Sarang-sarang Kejahatan Siber WN China di Jakarta Tak Dikenali Warga Setempat
Sejumlah lokasi persembunyian aksi kejahatan siber di Jakarta, yang diungkap polisi pada Senin (26/11/2019), dikenal sebagai kawasan yang tak berpenghuni. Sebagian besar warga tak tahu ada aktivitas kejahatan di sana.
Oleh
Aditya Diveranta
·3 menit baca
JAKARTA, KOMPAS — Sejumlah lokasi persembunyian kejahatan siber di Jakarta, yang diungkap polisi pada Senin (26/11/2019), dikenal sebagai kawasan yang tak berpenghuni. Sebagian besar warga hampir tidak mengenali adanya aktivitas keramaian oleh para pelaku di lokasi kejadian.
Polisi sebelumnya menggerebek lima lokasi sarang persembunyian pelaku kejahatan siber di Jakarta. Para pelaku bersembunyi di sejumlah kawasan perumahan, seperti di Perumahan Mega Kebon Jeruk, Jakarta Barat; Jalan Anggrek Neli Murni, Kemanggisan, Jakarta Barat; Perumahan Intercon Kebon Jeruk, Jakarta Barat; perumahan di Bandengan Tambora, Jakarta Barat; dan di Pantai Indah Kapuk, Jakarta Utara.
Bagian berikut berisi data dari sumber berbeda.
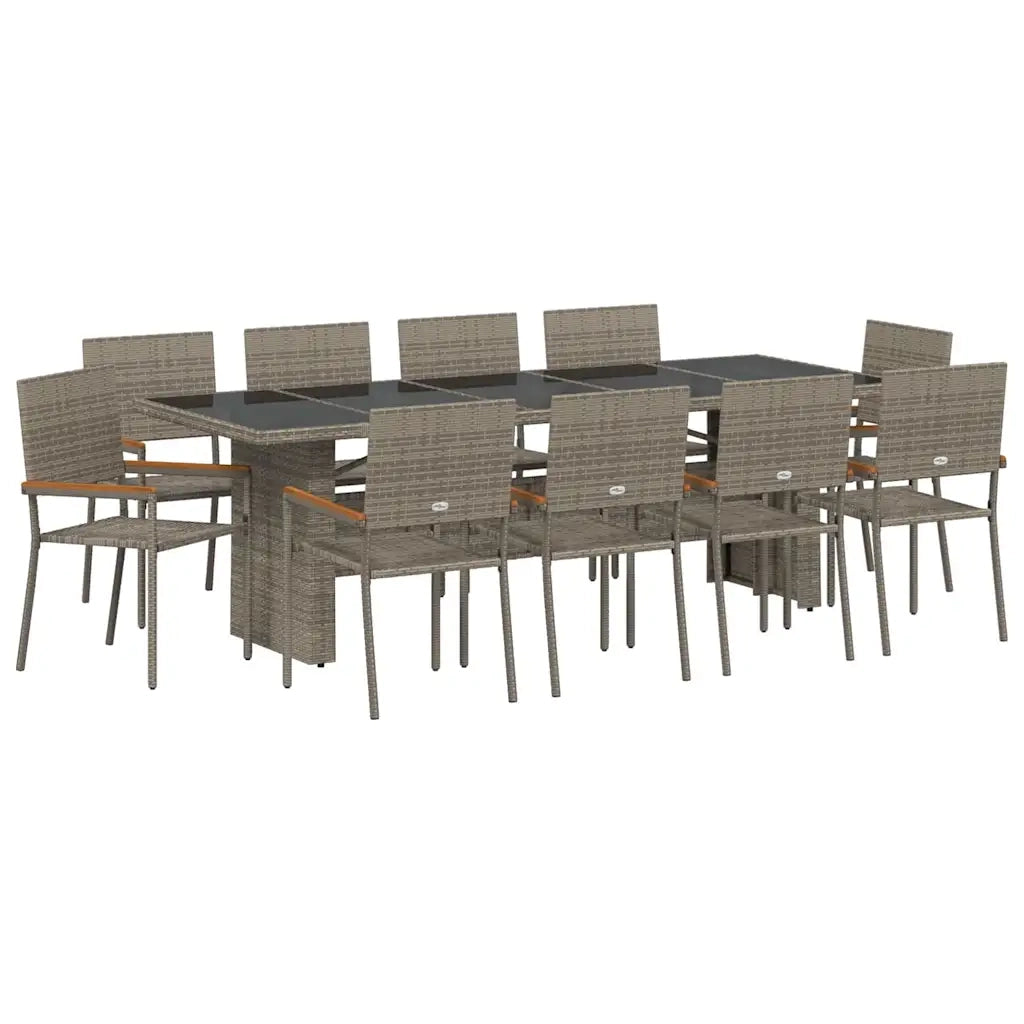 Set da Pranzo per Giardino 11 pcs Grigio polyrattan 3365418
Bambang Agus, Sekretaris RT 010 RW 001 Kemanggisan, mengenal salah satu lokasi di Jalan Anggrek Neli Murni sebagai rumah kosong yang tidak pernah dijual pemilik. Seingat dia, rumah tersebut tampak tidak dihuni hampir lima tahun terakhir.
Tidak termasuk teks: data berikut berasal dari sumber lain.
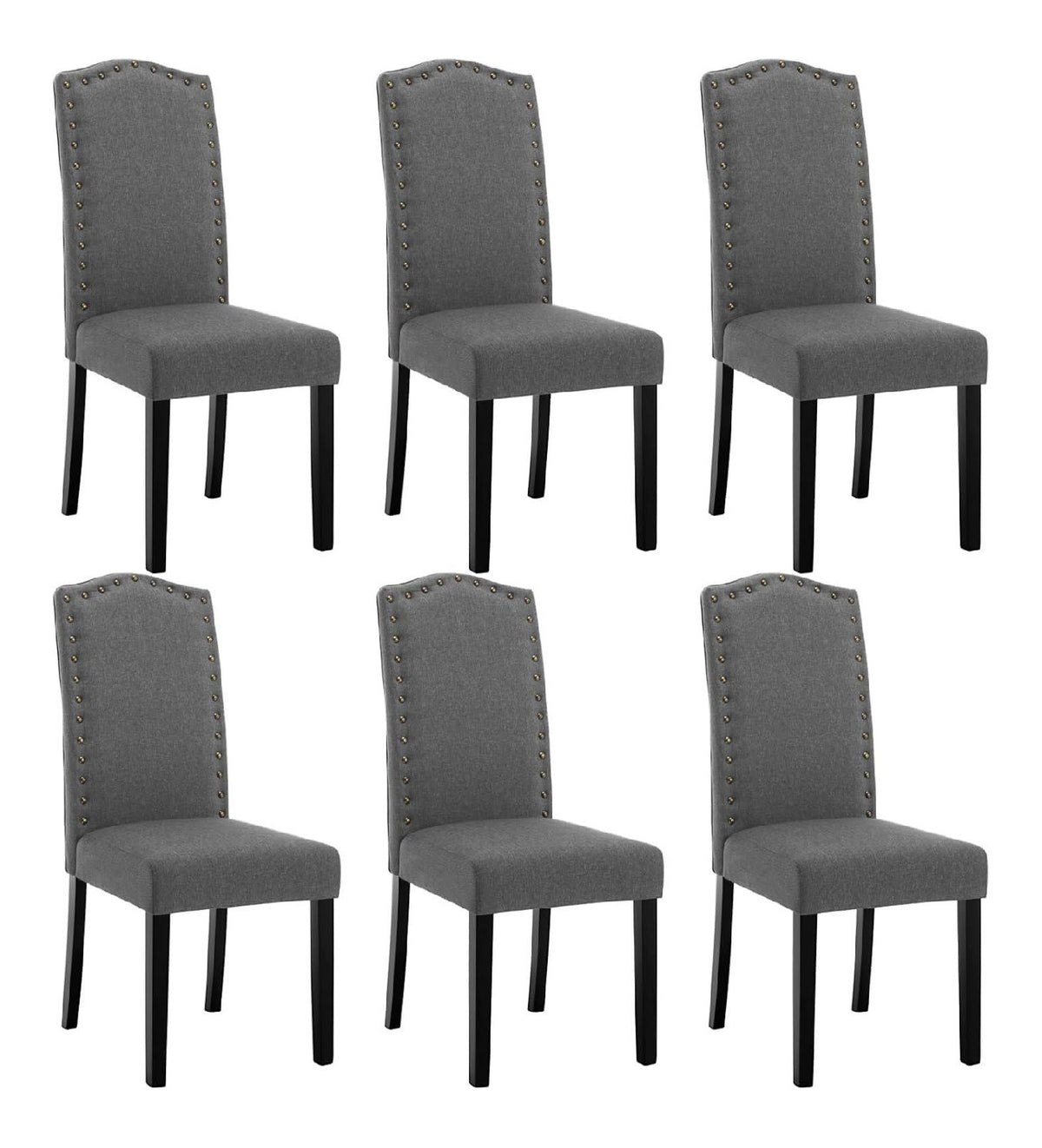 6er Set Esszimmerstuhle, Kuchenstuhl mit hoher Ruckenlehne, Polsterstuhl, Wohnzimmerstuhl, Design Stuhl, mit Massivholzbeinen, gepolstert, Leinen, Dunkelgrau, BH386dgr-6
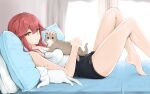  1girl animal artist_name bangs bed black_shorts breasts cat cat_day chaesu closed_mouth collarbone commentary crossed_bangs curtains english_commentary eyebrows_visible_through_hair hair_between_eyes highres holding holding_animal holding_cat indoors knees_up legs looking_at_viewer lying medium_breasts on_back pillow red_hair shirt short_shorts shorts sleeveless sleeveless_shirt smile solo spaghetti_strap thighs white_shirt yellow_eyes 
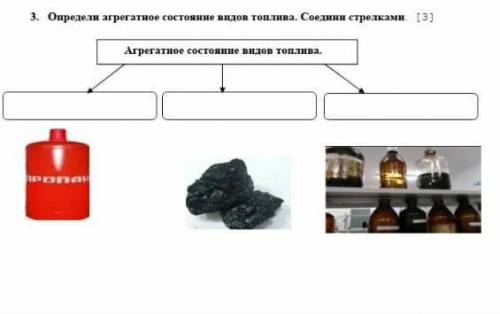 3. Определи агрегатное состояние видов топлива. Соедини стрелками [3] Агрегатное состояние вцов топл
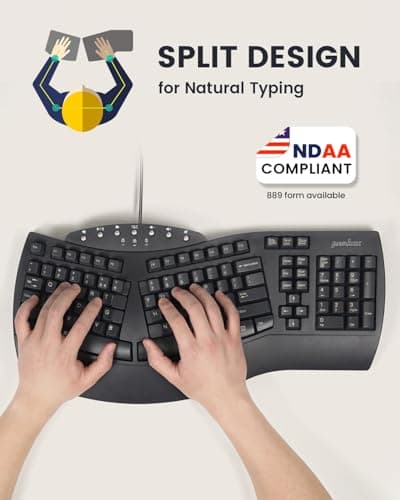 Perixx PERIBOARD-512B Wired Ergonomic USB Keyboard - Bulky 19.1x9.3x2 inches Split Design - Black - NDAA Compliant - US English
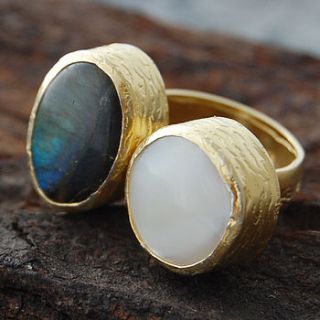 labradorite and pearl cocktail ring by embers semi precious and gemstone designs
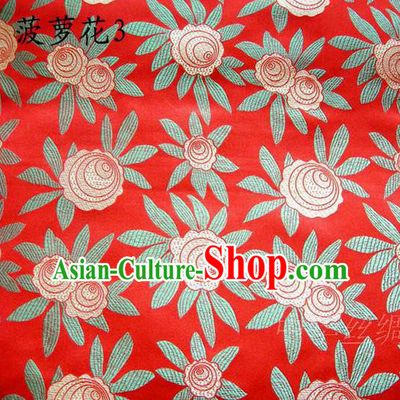 Traditional Asian Chinese Handmade Embroidery Pineapple Flowers Satin Red Silk Fabric, Top Grade Nanjing Brocade Tang Suit Hanfu Tibetan Clothing Fabric Cheongsam Cloth Material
”Rumah itu setahu saya sempat dijadikan kontrakan, tetapi selalu sepi. Akhir-akhir ini pun ada penghuni baru yang menghuni, tetapi tidak pernah memberi kabar,” ucapnya, Selasa (26/11/2019).
Meski kerap kosong, Kus (58), warga lainnya, kadang melihat lampu menyala di lantai dua rumah Kemanggisan saat malam hari. Dari lantai dua rumahnya, ia seperti melihat sekumpulan orang yang mondar-mandir dari dalam rumah kosong tersebut.
Kondisi serupa juga ditemui di lokasi Perumahan Mega Kebon Jeruk. Fadli (29), petugas satpam di sana, menyatakan tidak pernah melihat kegiatan di rumah itu. Dia juga tidak melihat ada orang yang masuk ataupun keluar rumah.
”Rumah ini sudah setahun kosong, lalu mulai dibersihkan sebulan lalu. Saya tidak tahu pemilik rumahnya. Kalau malam, hanya lampunya yang dinyalakan,” kata Fadli, Senin.
Sindikat tersebut menyewa rumah di kawasan elite sebagai tempat tinggal sekaligus tempat melakukan kejahatan siber. Total 149 warga negara China dan Taiwan dibekuk. Sindikat ini meraup uang triliunan.
Direktur Kriminal Khusus Polda Metro Jaya Komisaris Besar Iwan Kurniawan menyatakan telah membekuk 66 tersangka dari kelima lokasi serta satu lokasi di Tangerang. Puluhan pelaku yang merupakan warga negara asal China ini ditangkap atas telecommunication fraud atau penipuan melalui kanal telekomunikasi yang termasuk kejahatan siber.
Iwan menjelaskan, modus penipuan ini menyasar warga yang tinggal di China. Para pelaku memanfaatkan wilayah Jakarta sebagai tempat persembunyian sekaligus karena jaringan telekomunikasi di sini sangat lancar.
”Mereka diduga telah beraksi selama setahun terakhir. Untuk lokasi di Kemanggisan, pelaku diketahui telah mengontrak di rumah kosong selama empat bulan. Tentu temuan ini akan dikembangkan polisi,” ujarnya.
Sebagai barang bukti, polisi menyita sejumlah paspor, ponsel, komputer, dan bilik busa yang digunakan untuk menelepon warga. Menurut Iwan, barang-barang tersebut diduga kuat menjadi pendukung penipuan telekomunikasi.
Meski terjadi di luar negeri, Kepala Bidang Humas Polda Metro Jaya Komisaris Besar Yusri Yunus menyebutkan, kasus semacam ini perlu diwaspadai. Sebab, para pelaku memanfaatkan celah jaringan telekomunikasi untuk menipu warga.
”Jadi para pelaku ini memanfaatkan celah persoalan warga yang memiliki masalah dengan negara, misalnya menunggak pajak. Kemudian, mereka mengancam warga untuk menyelesaikan masalah tersebut lewat jasa mereka dengan transfer sejumlah uang. Setelah transaksi terjadi, mereka lalu pergi dan melakukan penipuan lainnya,” ucap Yusri.
Kasus penipuan telekomunikasi oleh sindikat internasional bukan pertama kali terjadi. Berdasarkan arsip Kompas, kasus serupa juga ditemukan di Sidoarjo, Jawa Timur; Badung, Bali; dan Jakarta pada 2017.
Sindikat tersebut menyewa rumah di kawasan elite sebagai tempat tinggal sekaligus tempat melakukan kejahatan siber. Total 149 warga negara China dan Taiwan dibekuk. Sindikat ini meraup uang triliunan rupiah. Setelah ditangkap, para pelaku dideportasi ke negara asal.